▶ WORK TO COMPLETE
The answer must consist of the entire listing, repeated exactly.

▶ DATA PROVIDED
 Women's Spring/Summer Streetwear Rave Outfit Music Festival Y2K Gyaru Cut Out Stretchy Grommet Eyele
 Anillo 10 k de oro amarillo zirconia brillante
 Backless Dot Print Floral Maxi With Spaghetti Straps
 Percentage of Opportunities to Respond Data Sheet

▶ OUTPUT OF THE EXERCISE
 Women's Spring/Summer Streetwear Rave Outfit Music Festival Y2K Gyaru Cut Out Stretchy Grommet Eyele
 Anillo 10 k de oro amarillo zirconia brillante
 Backless Dot Print Floral Maxi With Spaghetti Straps
 Percentage of Opportunities to Respond Data Sheet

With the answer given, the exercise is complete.